Just as online travel websites rendered travel agencies obsolete, perhaps the online accessibility of luxury home items will bring an end to the venerable Washington Design Center.

Last year, an Oklahoma-based group purchased the building that houses the Design Center for $50 million. It plans to transform the building into a Bible museum.

Nearly 30 independently owned showrooms have hired a broker to find a new location that would accept them all and create a revamped design center. A date for the relocation has not been set.


The pending move also raises the question of whether the emergence of the retail design district on 14th Street really signifies a cultural shift in the city's design hub.

Long the one-stop shop for trade professionals in the design industry, the D.C. Design Center has provided designers with seven floors of luxury showrooms for nearly 30 years. Designers would bring their clients face-to-face with the finest fabrics, furniture and accessories that were not available at department stores but were featured on the pages of Architectural Digest and Elle Decor.

The huge selection of fine rugs, fabrics and furniture allowed designers to offer seemingly endless possibilities, all under one roof.

It is a concept being copied by big-box retailers such as Room and Board and Crate and Barrel, which offer custom window treatments, bedding and pillows, as well as bookshelves, sofas and case goods.

But what they call custom is merely made to order, said Ann Lambeth, principal of J. Lambeth & Co., the largest independent showroom on the East Coast. Lambeth offers luxury furniture, textiles, lighting, cast stone and custom metal works to architectural and design trade professionals.

"They may be able to add length but not depth. They may offer 40 fabrics. But we have thousands," Lambeth said. "We have lines where the consumer can not only pick a color, they can design a color specific for them. They can find something that is uniquely theirs."
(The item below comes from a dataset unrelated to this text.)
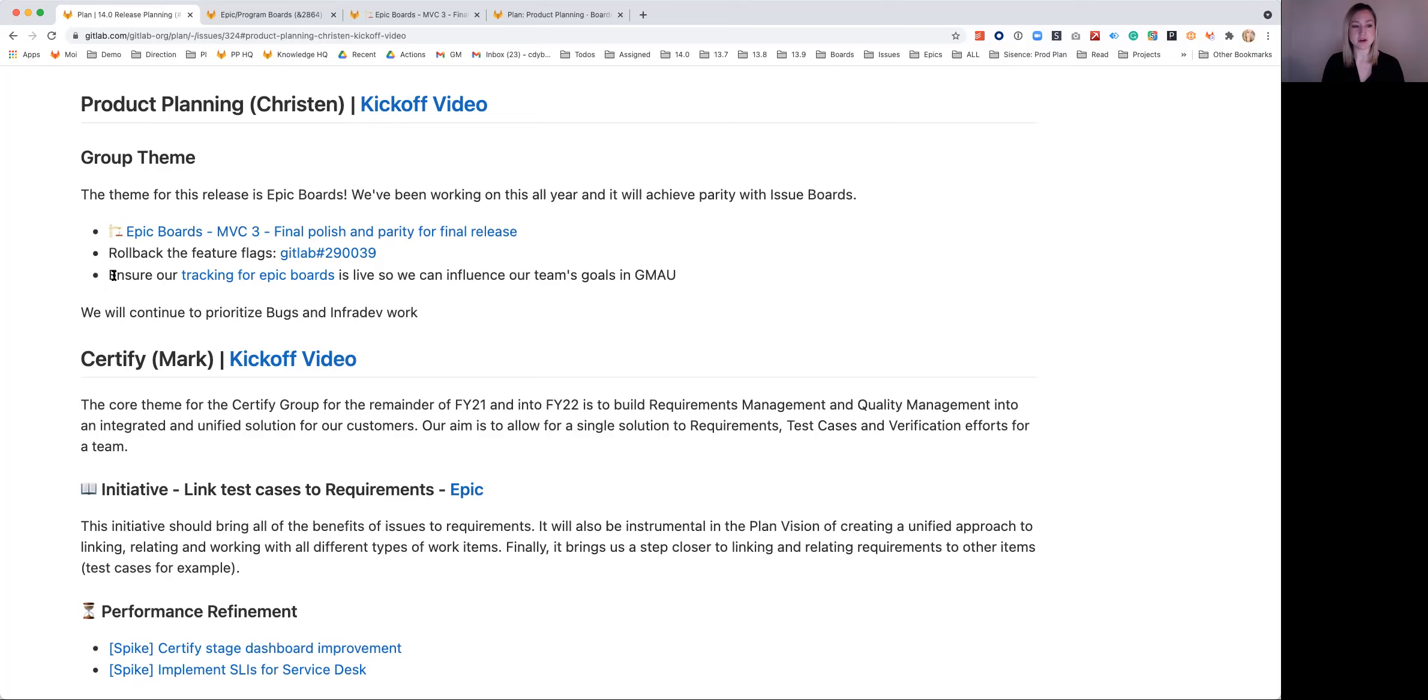We also want to ensure that tracking for Epic Boards is live. We do have our tracking codes in, but we want to see the impact on day one when we roll this out and it's in the release post.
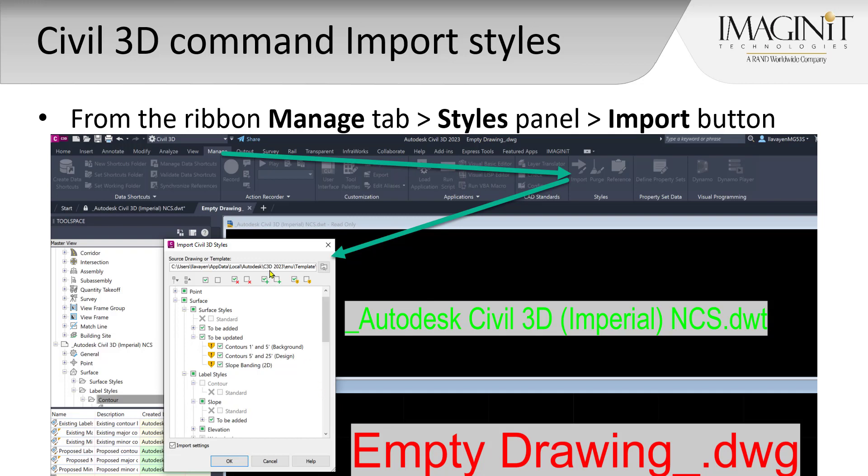In this case, you can see how styles can be ignored, they can be added, or they can be updated. You have a choice of selecting the unique styles, the entire drawing, or collection of styles. Please note, this command also supports the importing of settings from that source drawing.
Still, some designers say the gigantic showroom model is outdated, that these days Generation X and Y clients, those born between 1965 and 1981, surf the Web, watch design shows and peruse Pinterest for design ideas.

"Online purchasing, being such an easy option for people, may be impacting the Design Center," said Northern Virginia interior designer Lauren Leiss. "It's so easy to find good stuff now. You just turn on a computer and go to a website. I love that."

But, she added the Internet does not replace being able to go in and sit on a chair or touch a piece of cloth.

"I think there will always be a place for that." She said.

Lambeth said home design retailers and those open to trade only can coexist.

"Just like in the fashion industry, J. Crew is not for everyone," she said. "It's for a lot of people, but not everyone. And of course, we offer value, too. We couldn't survive if we only sold Chanel."

She said showrooms are not relics of the past and dismissed the talk of the demise of the Design Center.

"Rumors are rampant," Lambeth said. "We are committed to moving as a group. We may lose two or three who might not make the move for a number of reasons. But the Design Center is not closing. We are just moving."